This idea of fiscal citizenship is important to Zelenak's work. It also proves to be an important theme in literature.

Larry Zelenak:

David Foster Wallace had as good a claim to being the leading or serious American novelist of his generation as anyone. He died, committed suicide a few years ago. And at his death, he left an unfinished novel set in a fictional IRS Return Processing Center in the Midwest. The title of it was The Pale King. And his editor, Michael Pietsch, put it together. It's obviously not exactly what Wallace would have done had he lived, but it reads pretty well. It's quite readable even though it's not finished, let's put it that way.

Larry Zelenak:

And one of the things that I thought was especially interesting, from this perspective, Wallace I think is concerned or interested in exploring two themes. One is boredom in the workplace and that's obviously a tricky theme to engage with in literature because discussion of boredom tends to be boring. But I think he actually does a pretty good job with it. As someone who thinks that tax is actually pretty interesting, I was a little distressed that he thought that tax was the obvious go-to area to explore boredom.

Larry Zelenak:

But setting that aside, the other thing that he was really interested in was civic responsibility and fiscal citizenship. So it fits in with a lot of the themes I've been interested in anyway. And one thing he does that, from this perspective, I think is really cool because he manages to hold this at arms length and yet get it out there, he has a highly respected upper level IRS official give a speech about fiscal citizenship and how important all this is to literally a captive audience. It's delivered while he and his captive audience are in a stuck elevator.

Larry Zelenak:

And he goes on for about half an hour using quotations actually, Wallace doesn't say this, but I recognize them from Sheldon Cohen, a former IRS Commissioner, and he puts those words into the mouth of his fictional character giving the lecture in the stuck elevator. So on the one hand, I think Wallace really believed in the fiscal citizenship aspects of tax paying. And I think on the other hand, he recognized that in real life the only way you can get someone to sit still for that was to hold them captive.

Steven Dean:

Or make them take a tax policy class.

Larry Zelenak:

That would work, too. If there were academic credit involved, that might be another way.

Steven Dean:

I count on that. I'm going to move now to the pencil question and I'm going to show you the pencil in question here. It is a beautiful NYU Law Graduate Tax Program pencil.

Larry Zelenak:

It's a spectacular pencil and I really hope I can be worthy of it.

Steven Dean:

I believe in you, Larry. I believe in you. Let's just see what happens here. Let's see what kind of magic we can create here. So the question is pretty simple. Who was President when the Investment Tax Credit was created? So I'll give you three options.
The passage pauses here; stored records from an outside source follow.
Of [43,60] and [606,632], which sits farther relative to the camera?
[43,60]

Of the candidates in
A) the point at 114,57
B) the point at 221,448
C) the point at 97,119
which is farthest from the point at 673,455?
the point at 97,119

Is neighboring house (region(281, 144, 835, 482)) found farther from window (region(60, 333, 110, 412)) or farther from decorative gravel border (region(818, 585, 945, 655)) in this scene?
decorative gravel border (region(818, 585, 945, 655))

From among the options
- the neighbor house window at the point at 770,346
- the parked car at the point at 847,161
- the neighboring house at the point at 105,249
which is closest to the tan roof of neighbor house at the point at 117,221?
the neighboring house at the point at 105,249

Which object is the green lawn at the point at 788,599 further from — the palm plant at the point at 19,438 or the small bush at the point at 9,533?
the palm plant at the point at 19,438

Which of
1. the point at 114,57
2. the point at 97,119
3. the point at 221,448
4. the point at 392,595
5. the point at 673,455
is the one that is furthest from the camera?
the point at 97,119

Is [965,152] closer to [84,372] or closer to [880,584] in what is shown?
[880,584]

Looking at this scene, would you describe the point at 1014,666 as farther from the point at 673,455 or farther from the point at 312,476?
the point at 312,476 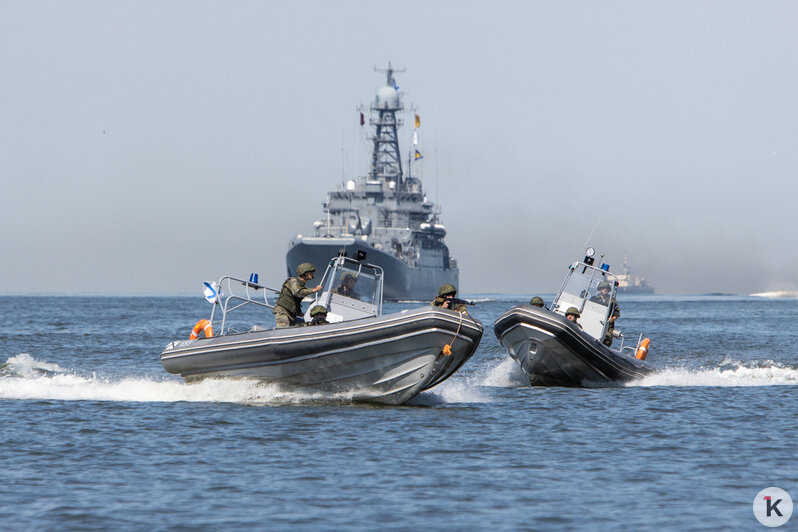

It was either Kennedy, Reagan or Nixon.

Larry Zelenak:

I think it was probably Kennedy.

Steven Dean:

All right. This is a pretty good bet. So I'm going to tell you that was correct. The fun tax fact associated with this fun tax fact is that it was Stanley Surrey who was responsible for creating it and you and I both know that Stanley Surrey was no fan of tax expenditures. Yet at Kennedy's behest, he created one of the most enduring of them.

Larry Zelenak:

Yes, there's an irony there. I suppose if he were here to defend himself, he would say something along the lines of well, what he was really opposed to was tax expenditures in the form of deductions and exclusions. He was somewhat less opposed to expenditures in the form of credits. But having said that, I think you've got it.

Steven Dean:

I've listened. If that's the only thing I can hold over Stanley Surrey, I guess that's not so bad because he's one of the giants of our field. This was apparently created during the run up to that campaign against Nixon. That was part of what drove the creation of it. I got that from an article, Pathway to Tax Reform. Inside baseball listeners will know that that's a reference to one of Surrey's books by Richard A. Musgrave, A Remembrance of Stanley Surrey in the Harvard Law Review. If you want to learn more about Surrey or about the origins of the Investment Tax Credit, you can check that out. I also owe a hat tip to Ajay Mehrotra at Northwestern and The American Bar Foundation for pointing out this fun tax fact.

Larry Zelenak:

And if there's any would-be biographers out there, I think Stanley Surrey really deserves a serious biography. And I understand all his papers are in the Harvard Law School's libraries.

Steven Dean:

Wow! You heard it here first.

Larry Zelenak:

I'm pretty sure I'm not going to write that [crosstalk 00:11:57].

Steven Dean:

Oh, I'm not so sure about that. I think you might be the guy.

Steven Dean:

Thank you for listening to The Tax Maven. And I also want to give a very special thank you to those that help make the podcast possible, Patrick Kelly, Joe Rivera, Greg Addison, Rebecca Carmichael, Jill Rachlin and Anthony Pietrangelo. And thank you, Rachel Burns.

Steven Dean:

The NYU Law Graduate Tax Program has been the premier place to learn about tax law for the past 75 years. So please visit us on the web. Visit our Graduate Tax Program website to see the different programs we offer both in person and online, both for lawyers and non-lawyers. Take a look at what we offer and I hope you consider joining us.

Steven Dean:

And now, we like to end each of our episodes with a quote about taxes read by one of our students. Today's quote comes from Garrick from Bettendorf, Iowa.

Garrick:

When a taxpayer sells or disposes of property encumbered by a non-recourse obligation, the Commissioner properly requires him to include among the assets realized the outstanding amount of the obligation. The fair market value of the property is irrelevant to this calculation.

Steven Dean:

Please email us at info@taxmavenpodcast.com if you have any questions or comments or suggestions. And if you are a student and want to email us a recording of your favorite tax quote, please email it there as well. Thanks for tuning in.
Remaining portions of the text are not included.